A COMPARISON OF THE STRUCTURAL SEQUENCES BETWEEN BLOWING ROCK GNEISS AND LATE PROTEROZOIC MAFIC INTRUSIONS IN THE GRANDFATHER MOUNTAIN WINDOW
Recent road cuts on Highway 321 near Blowing Rock, NC exposes the contacts between these rocks. The primary foliation in augen gneiss is a strong composite schistosity defined by mica and quartz, and by stretched, rotated, and flattened feldspar porphyroclasts. In other cases, the contacts appear to be gradational and display increased amounts of shear within the augen gneiss marked by extreme flattening of feldspar porphyroclasts . In some of the dike contacts there are localized shear zones resulting in.very fine-grained phyllonite from alteration of the metadiabase along these shear zones. Our preliminary structural mapping suggests that all of the metadiabase dikes sustained the same deformation that produced the flattening foliation in these country rocks.

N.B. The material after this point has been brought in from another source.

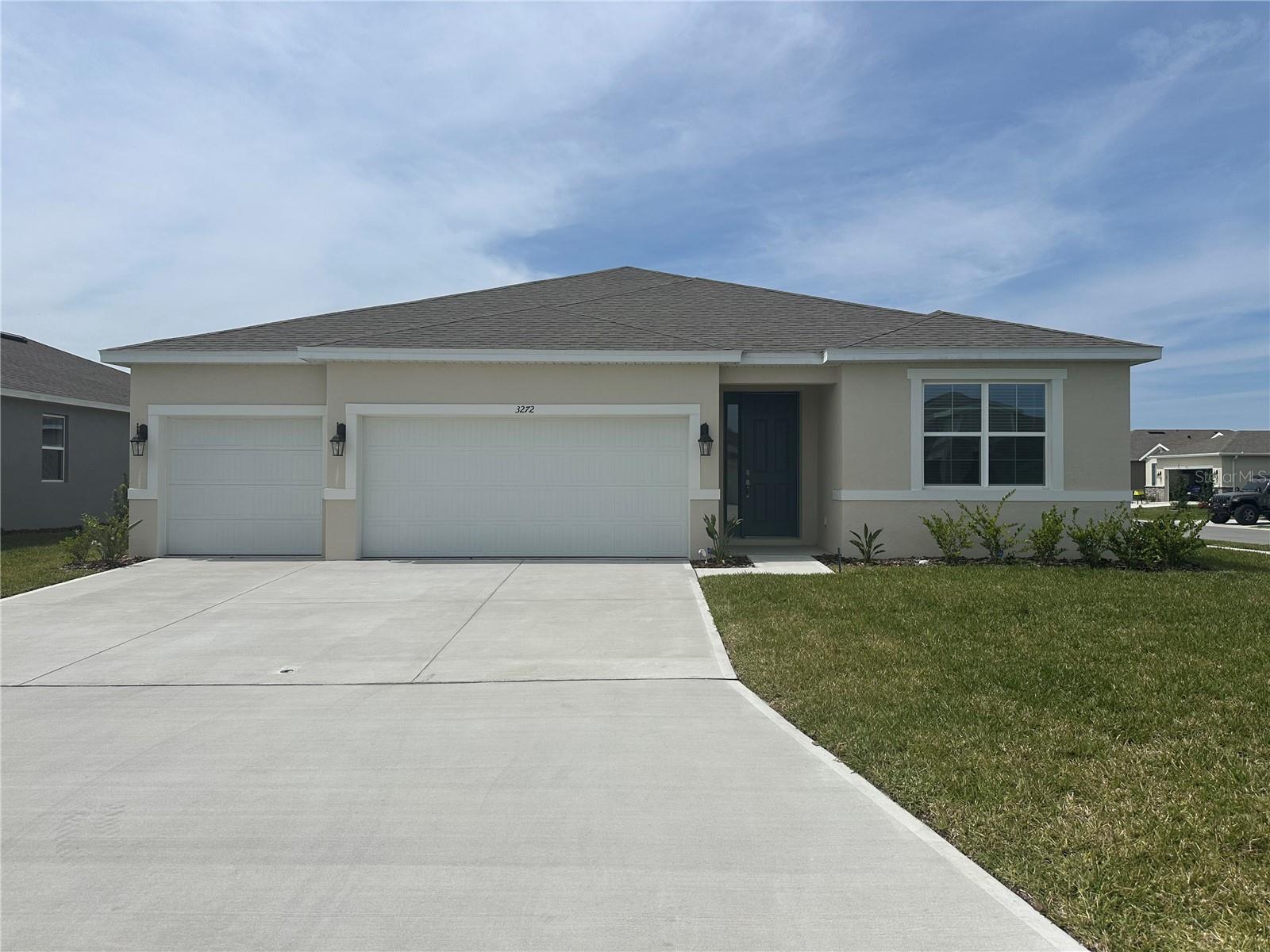 3272 ARCH AVE Property Photo 1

Some dike contacts show original intrusive interfingering relationships with the augen gneiss that predate the cleavage within the dikes. We observe, however, that some of these apparent interfingering boundaries are actually small amplitude tight folds. Those boundaries structures are commensurate with tightly folded lamellar veins within some dikes. At the mesoscopic scale cleavage within the dikes is axial planar to intra-dike folds.